Колоски злаков в Алайской долине имеют в большинстве своем темную фиолетово-коричневую окраску.

У злаков Восточного Памира преобладает зеленая окраска листьев, но зато колоски у 3/4 видов имеют или темную синевато-лиловую, или коричневую окраску. Особенно темный синевато-фиолетовый цвет с голубоватым матовым налетом имеют колоски Черноголовки.

Даже многие из культурных растений, выращиваемых на Восточном Памире, приобретают лилово-фиолетовую окраску или колосковых чешуек, или хотя бы кончиков остей, что придает общий синевато-лиловый или коричневатый оттенок травостою. Вполне естественно, что в первую очередь растения приобретают защитную окраску на тех частях, которые оберегают нежные, только что формирующиеся плодики или семена.

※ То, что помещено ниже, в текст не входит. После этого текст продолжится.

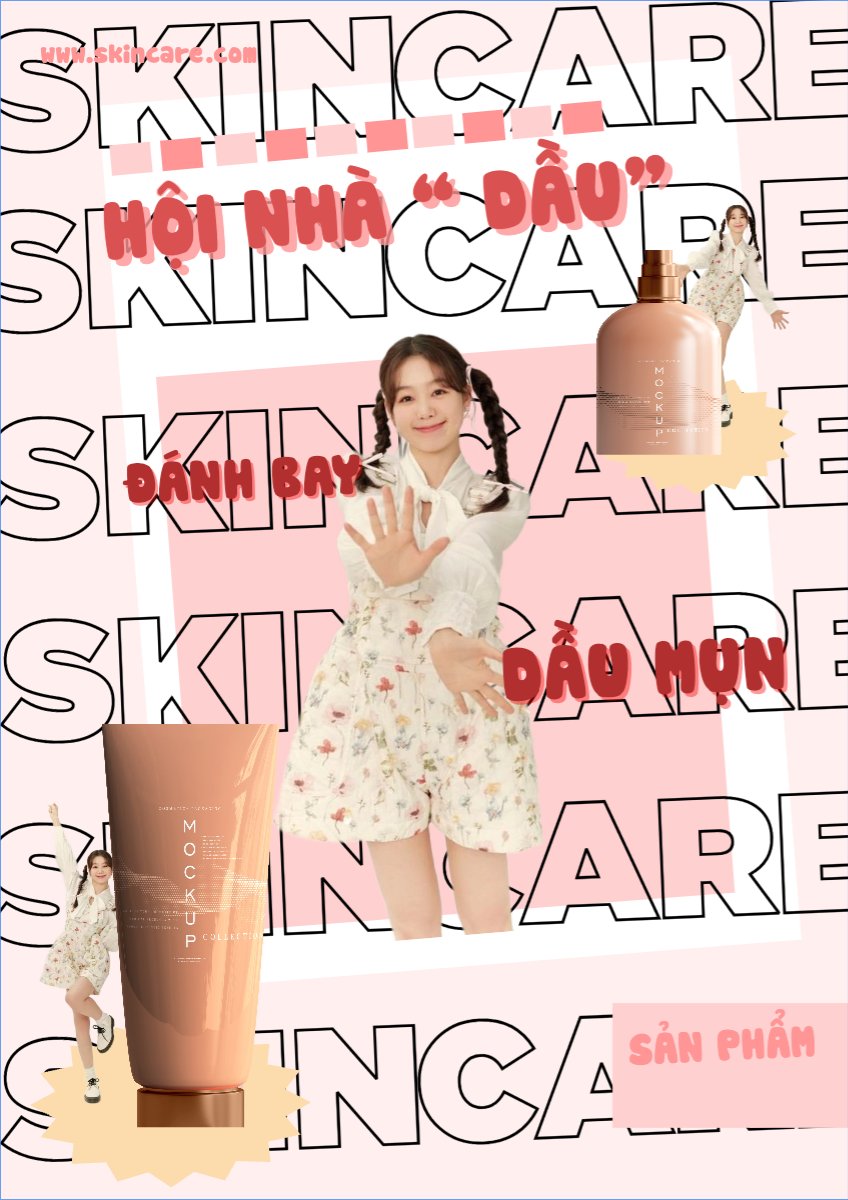 Spa, beauty, làm đẹp, thẩm mỹ, mỹ phẩm, comestic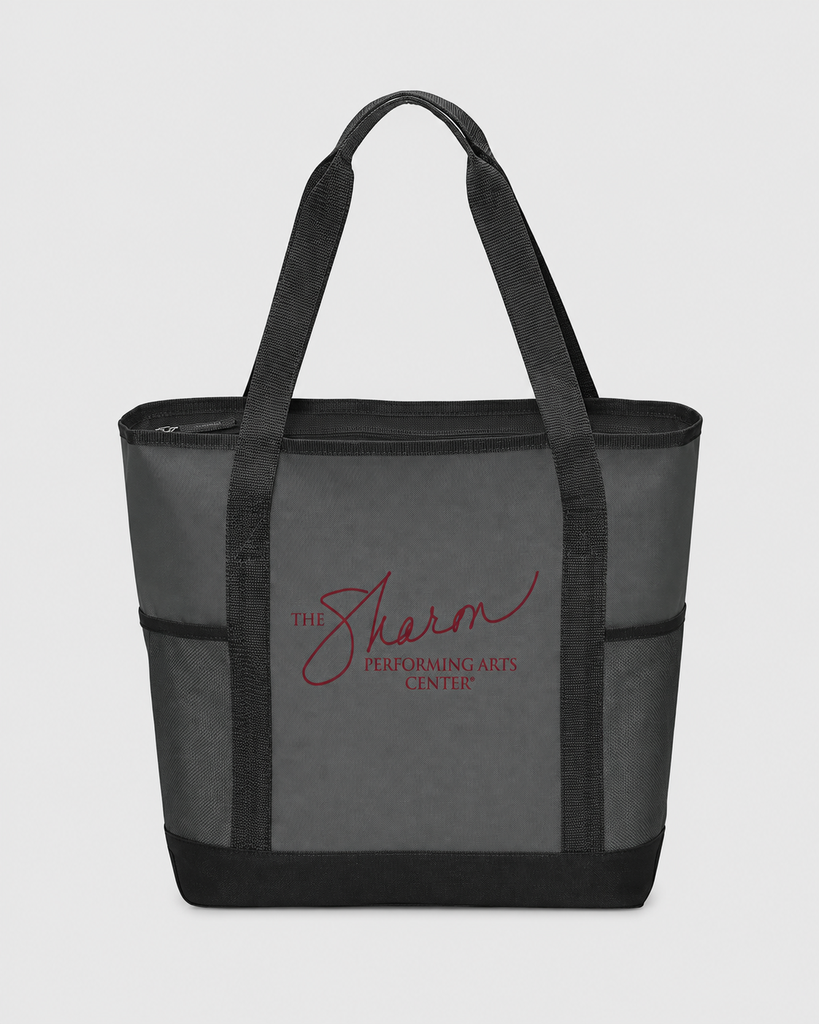 On-The-Go Tote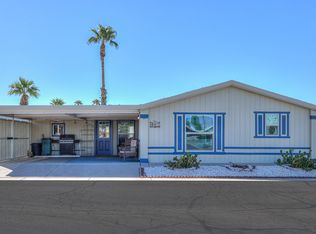 2208 W Baseline Ave LOT 40, Apache Junction, AZ 85120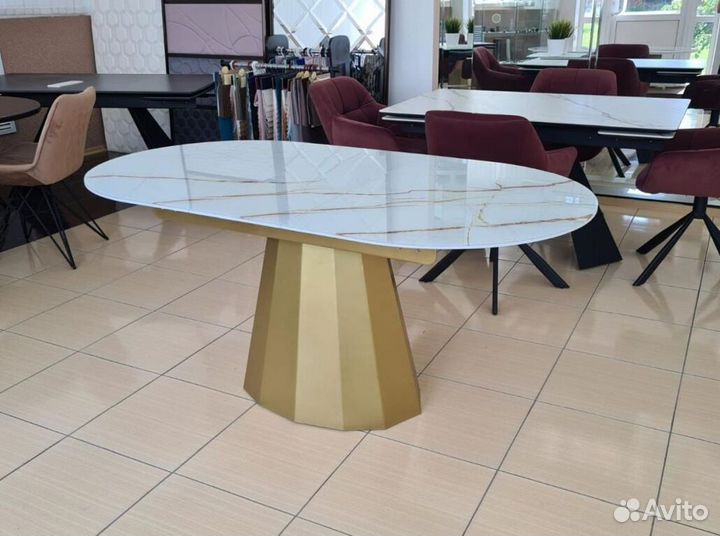 Обеденный стол OST-31562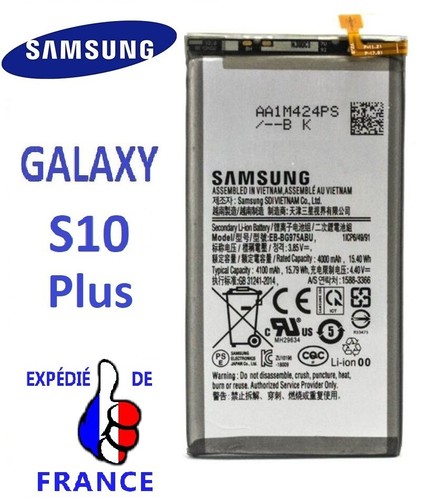 Batteria originale samsung - originale,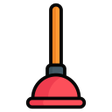 ไอคอนของโปรแกรม: plunger
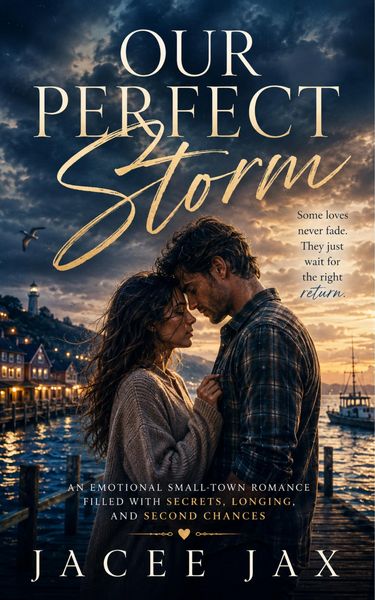 Produktbild: Our Perfect Storm: An Emotional Small-Town Romance Filled With Secrets, Longing, and Second Chances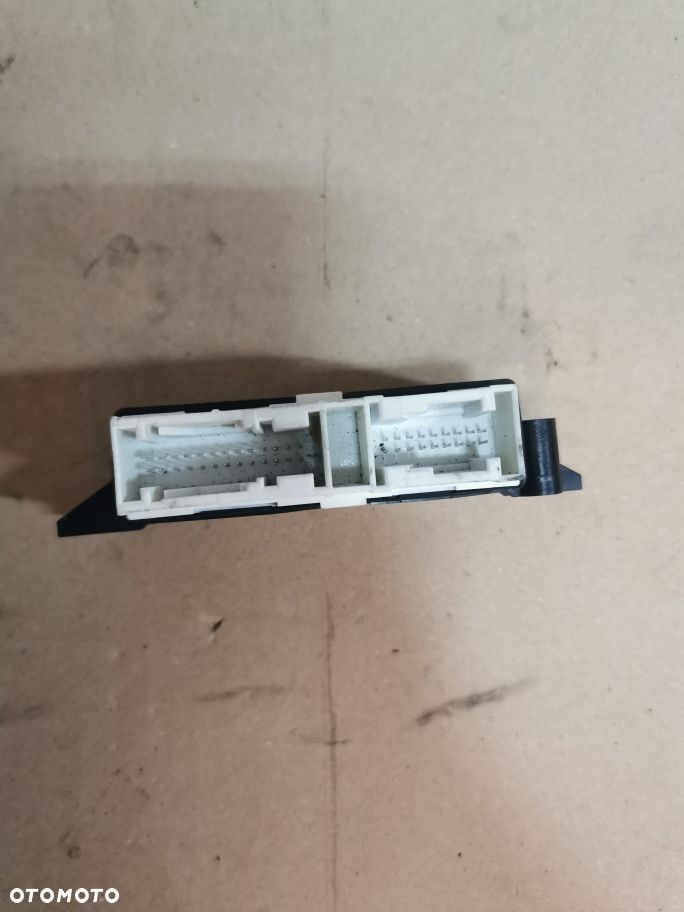 Vw Golf VII Sportsvan moduł PDC 5Q0919294K - 3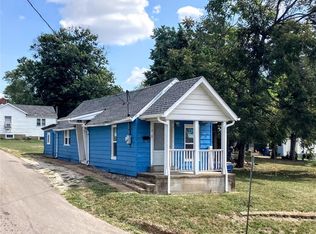 310 Moore St, Festus, MO 63028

Л. П. Кутырева изучала на Памире отражение растениями разных участков солнечного спектра. По отношению к красным и инфракрасным лучам найдено, что больше всего отражают их культурные растения южного происхождения, впервые выращиваемые на Памире (среднеазиатский ячмень «алдащман» и другие). Они, по всей вероятности, сохранили в значительной степени принесенные извне наследственные признаки. Колоски Черноголовки, имеющие наиболее темную синевато-голубоватую окраску, дают абсолютный минимум отражения в красных и инфракрасных лучах. Промежуточные величины наблюдаются у коричнево-лиловых колосков бескильницы.

Так, изучая причины отсутствия у марсианской растительности зеленой окраски и главной полосы поглощения хлорофилла, открыли оптическую приспособляемость земных растений к суровым условиям жизни.

Факт этот напоминает интересный случай с открытием газа гелия: он был сначала обнаружен на Солнце, от которого и получил свое название (гелий — греческое название Солнца), и лишь через 30 лет после этого на Земле.